В ту ночь я понял: я больше не верю. Не в команду. Не в казачество. Не в порядок. Я – сам по себе.
И я начал план. Тихо. Методично. Без бумаг. Без доверенных лиц. План побега. План исчезновения. План перерождения. Я не знал, чем он закончится. Но знал: оставаться – значит гнить. А я, как ни странно, ещё хотел жить. Пусть даже – под чужим именем.
ГЛАВА 5. МОСКВА ВМЕШИВАЕТСЯ
В Ростове наступила мнимая тишина. Как перед ураганом. Когда ласточки летают низко, собаки молчат, а чиновники – улыбаются чаще обычного. Так улыбаются только люди, которые знают, что их скоро посадят, но пока ещё надеются, что «авось пронесёт».
Потом пришла Москва. Не официально. Не с фанфарами. Она вошла в город, как всегда, через задний вход. В виде самолёта, прилетевшего ночью. В виде машины с чёрными номерами.
В виде Дмитрия Романовича Градова – нового заместителя полпреда по Южному федеральному округу. Я знал, что имя «Градов» будет звучать часто. Как штамп на документах. Как шёпот в коридорах. Как угроза на совещаниях. Но не думал, что у него будет старый друг – Аристов.
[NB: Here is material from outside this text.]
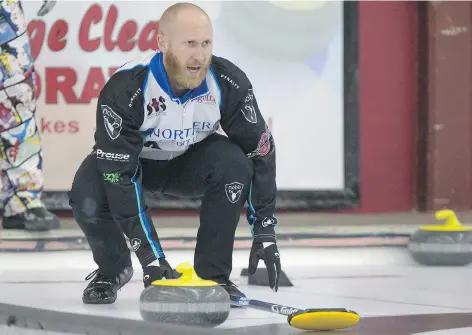  ?? GREG PENDER ?? Brad Jacobs downed Norway’s Thomas Ulsrud in the World Curling Tour’s College Clean Restoratio­n Curling Classic final Monday at the Nutana Curling Club. Jacobs’ rink had to deal with a lack of practice because there is no ice yet in his home club in...
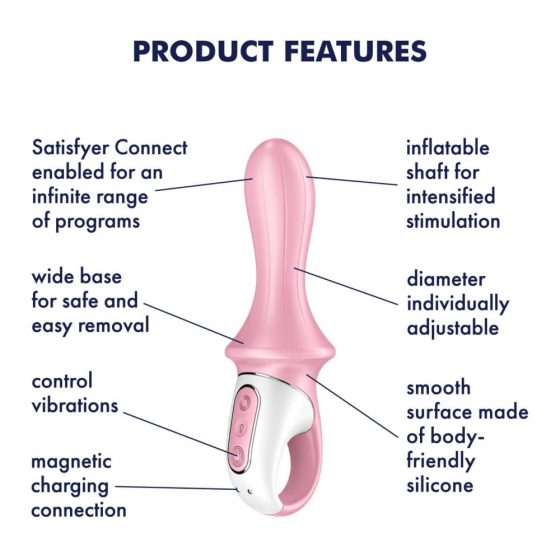 Satisfyer Air Pump Booty 5 - nutikas pumbatav anal vibraator (roosa)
Аристов Владимир Семёнович.
Мой когда-то конкурент, потом партнёр, теперь – потенциальный проводник в рай. Или в ад. Замдиректора по проектной работе ГБУ РО «Ростовдоноблстройзаказчик». Человек без эмоций. Как кирпич. Они с Градовым были комсомольцами. Шли вместе. Протирали ботинки в тех же приёмных. Теперь – один в Москве, другой тут. Один – перо, другой – чернильница.
Именно Аристов вытянул в свет Иванова – нового, невозмутимого, как опечатанный сейф, чиновника. Формально – вице-президент фонда развития казачества. Фактически – жнец, палач и миротворец в одном лице.
Когда Иванов вошёл в конференц-зал, мы поняли: игра кончилась. Началась режиссура.
Он был одет в серый костюм, настолько идеальный, что казался надетым на страх. Голос – ровный. Выражение лица – как у монумента. Лицо, которое не помнит боли. Только приказ. Он молча сел. Мы встали.
– Садитесь, – сказал он.
Голос как выстрел.
Тон без права на толкование.
– Хватит, – продолжил он. – Забыли, зачем вы здесь?
Пауза.
– Государственное дело. Казачество. История. Региональная гордость. – Его глаза метались по столу, как луч фонаря на складе с крадеными вещами.
– А что в реальности?
Шепот. Пауза.
– Кто, сколько, куда.
– Кто кого. Кто за что. Кто кому.
Я сидел в конце стола. Рядом – Петров. Мелкий воришка. Но свой. Вечно потный. Вечно с ручкой.
Иванов положил ему руку на плечо.
– Петров… Петров – наш человек.
– Он ошибался. Но теперь мы его защитим.
У Петрова в глазах блеснуло что-то между страхом и благодарностью.
Как у собаки, которой пообещали не отдавать в приют.
Зал молчал.
Нам всем дали понять, что дальше начнётся новое деление. Без шума. Без скандалов. Под документы. Под подписи. По-братски.
Утром того же дня ко мне пришёл курьер. Принёс папку.
Внутри – • Перечень новых подрядов, • Предварительные суммы, • Рекомендованные суммы возврата, • Страница с именем: «Евгений С., рекомендован как лояльный и технически грамотный поставщик».
Я прочитал. Захлопнул. Запер в сейф. Потом открыл снова.
Градов не оставлял следов. Иванов не оставлял выбора. Аристов не оставлял эмоций.
И только я, Евгений, оставался с ощущением, что мне вручили билет на Титаник. В первом классе.
С шампанским. С видом на айсберг. Но айсберг, как известно, никто не видит до последнего.